-- Material to process --
===============
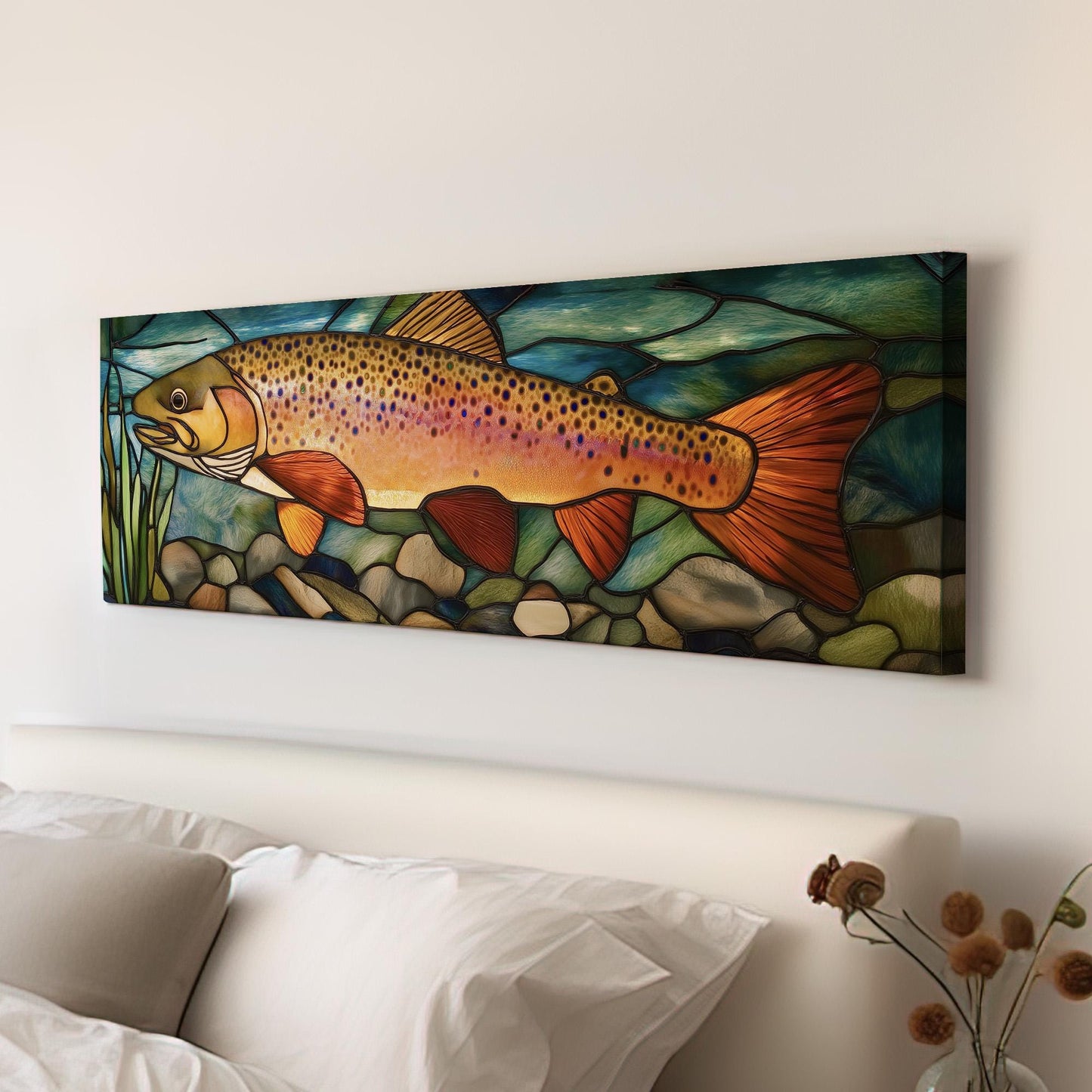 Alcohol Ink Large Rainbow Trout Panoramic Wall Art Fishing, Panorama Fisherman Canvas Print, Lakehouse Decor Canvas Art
===============
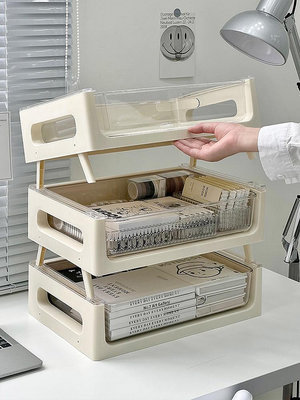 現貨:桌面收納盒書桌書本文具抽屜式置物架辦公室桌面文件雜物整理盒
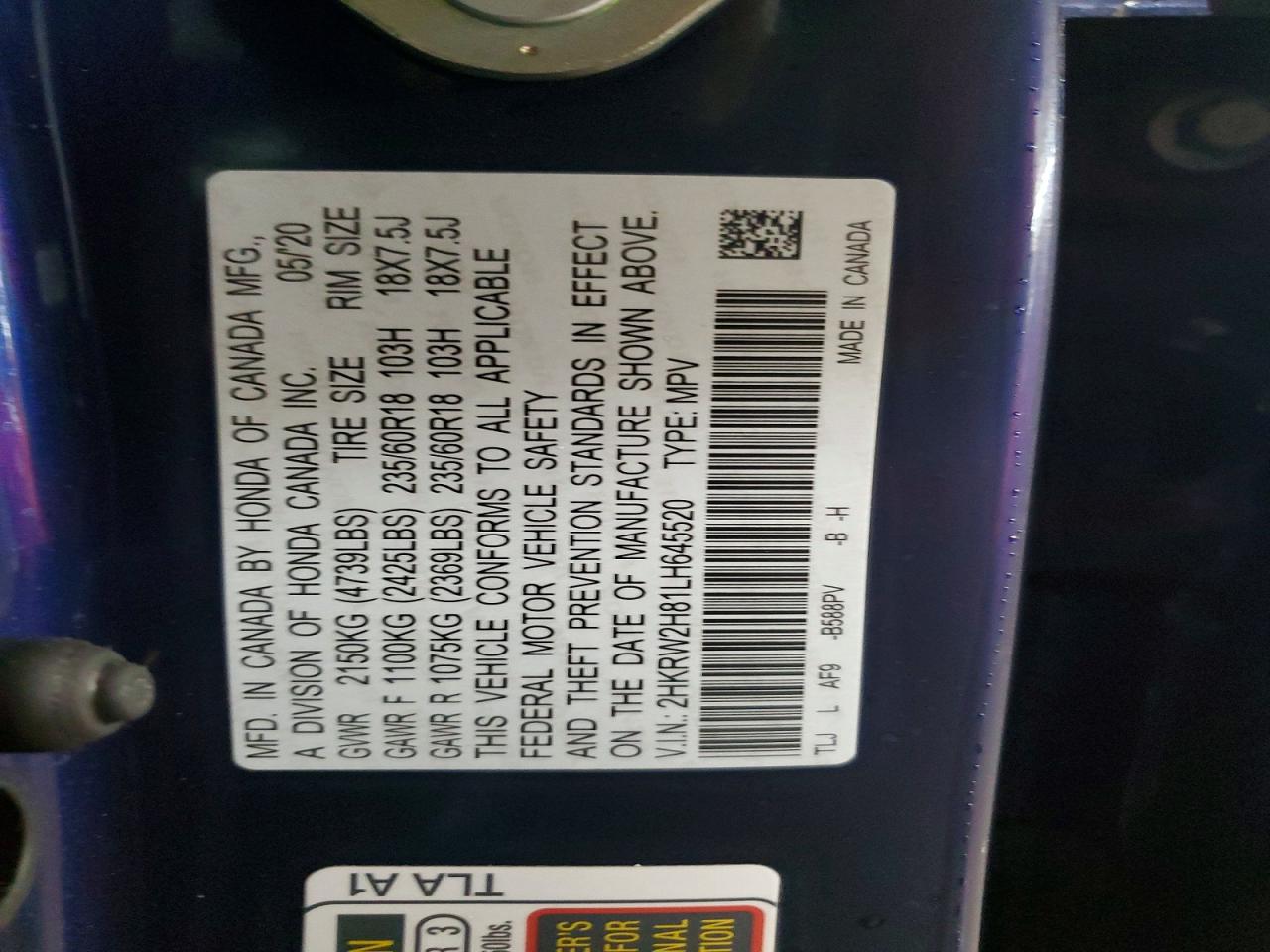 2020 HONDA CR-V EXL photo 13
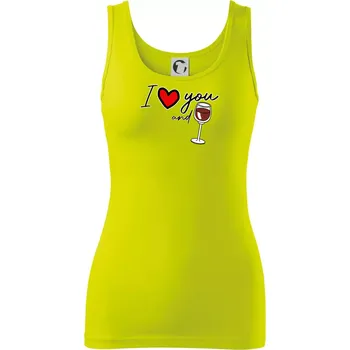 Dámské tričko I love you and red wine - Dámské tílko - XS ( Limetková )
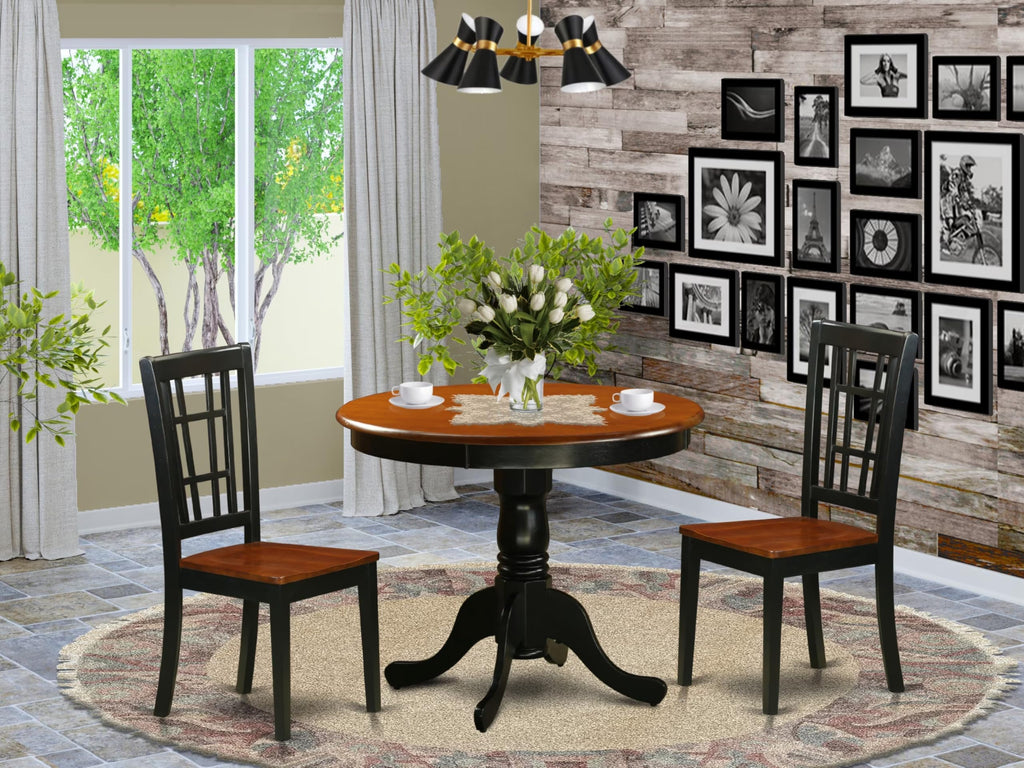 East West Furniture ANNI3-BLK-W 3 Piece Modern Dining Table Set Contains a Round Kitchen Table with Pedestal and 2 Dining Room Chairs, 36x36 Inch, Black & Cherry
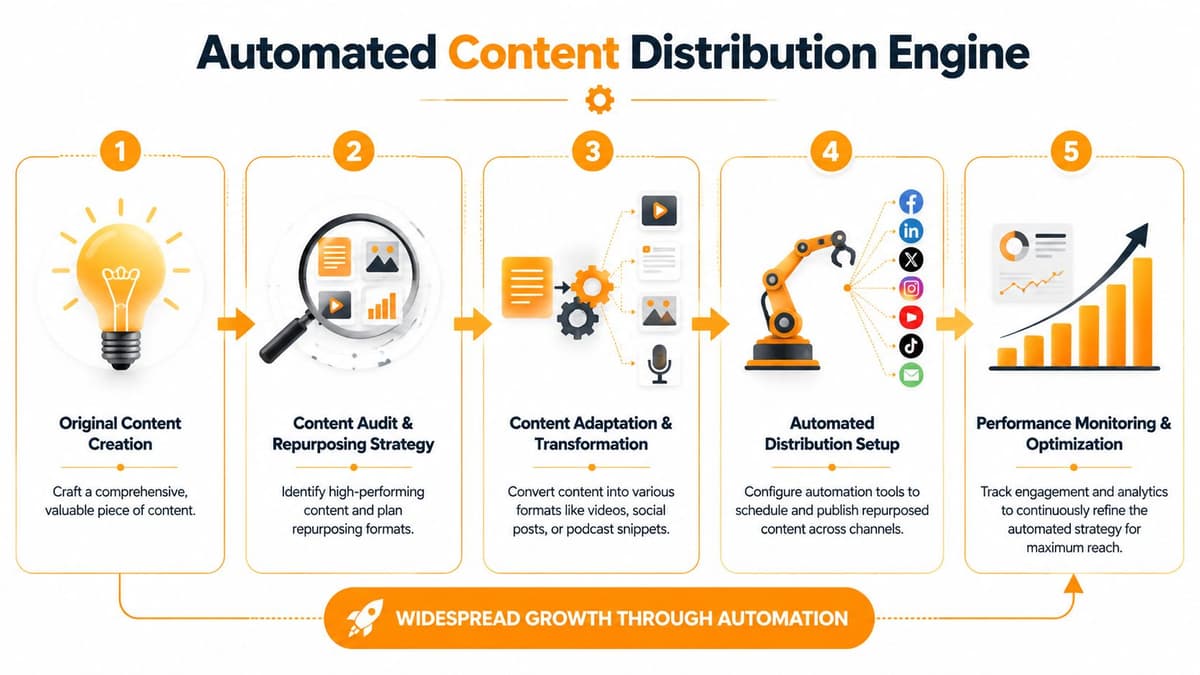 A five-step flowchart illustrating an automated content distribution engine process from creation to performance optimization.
===============
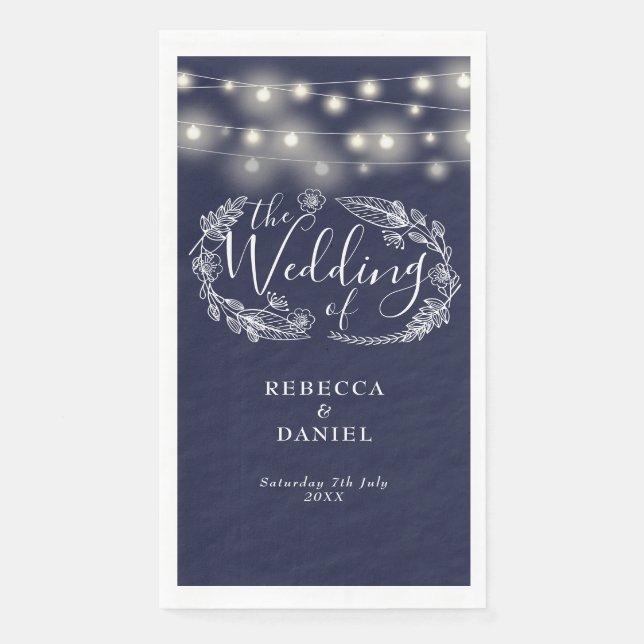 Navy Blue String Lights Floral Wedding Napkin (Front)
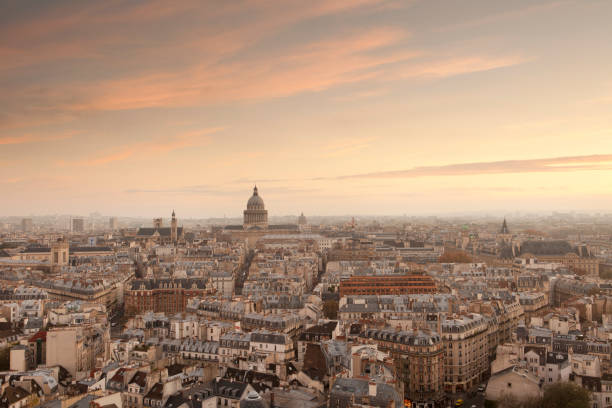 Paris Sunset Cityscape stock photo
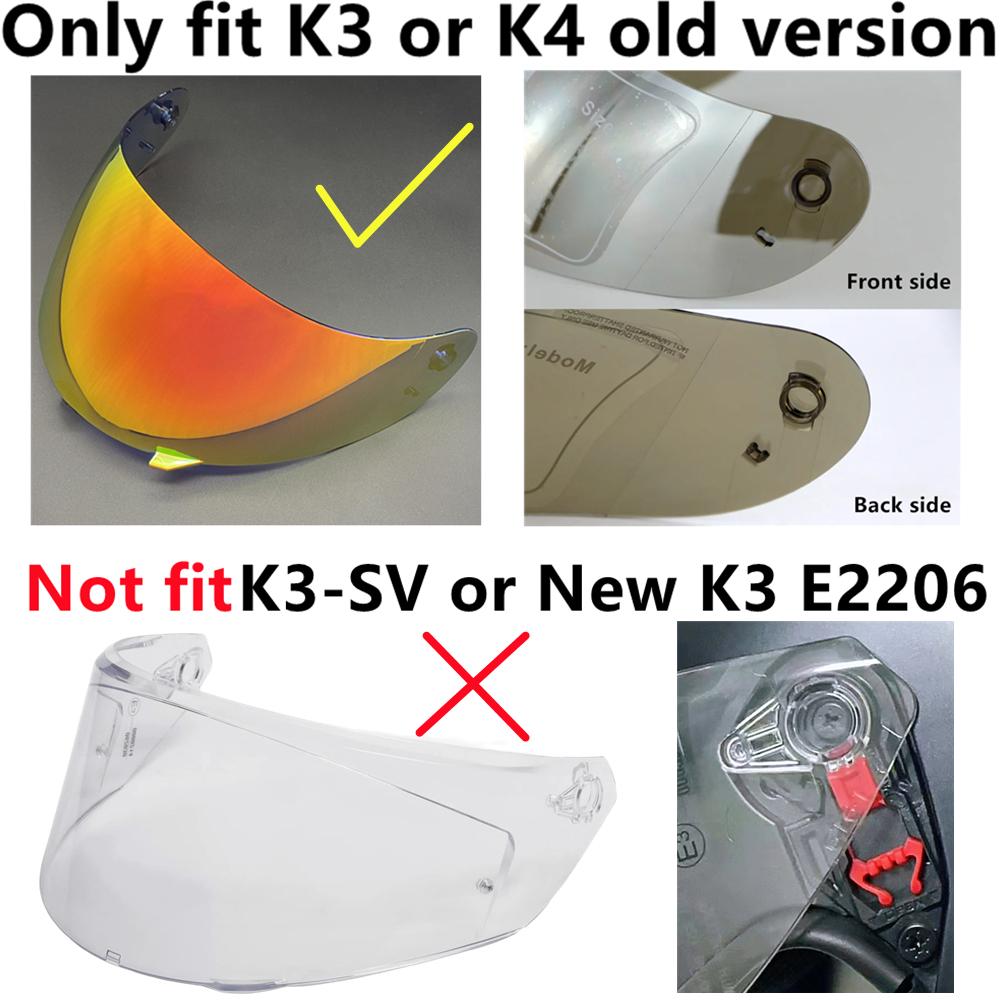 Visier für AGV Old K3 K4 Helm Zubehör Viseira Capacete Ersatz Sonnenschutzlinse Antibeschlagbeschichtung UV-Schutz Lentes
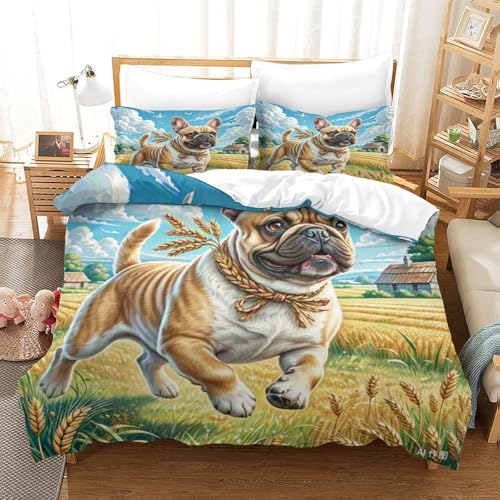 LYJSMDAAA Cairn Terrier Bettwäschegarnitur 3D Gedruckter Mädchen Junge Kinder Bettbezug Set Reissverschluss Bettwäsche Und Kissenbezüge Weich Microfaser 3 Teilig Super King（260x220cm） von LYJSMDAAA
===============
-- Task brief --
What you need to produce is an exact copy of the entries above, limited to the lines from the one with "2020 HONDA CR-V EXL photo 13" up to and including the one with "East West Furniture", without pictures.

-- Task answer --
 2020 HONDA CR-V EXL photo 13
 Dámské tričko I love you and red wine - Dámské tílko - XS ( Limetková )
 East West Furniture ANNI3-BLK-W 3 Piece Modern Dining Table Set Contains a Round Kitchen Table with Pedestal and 2 Dining Room Chairs, 36x36 Inch, Black & Cherry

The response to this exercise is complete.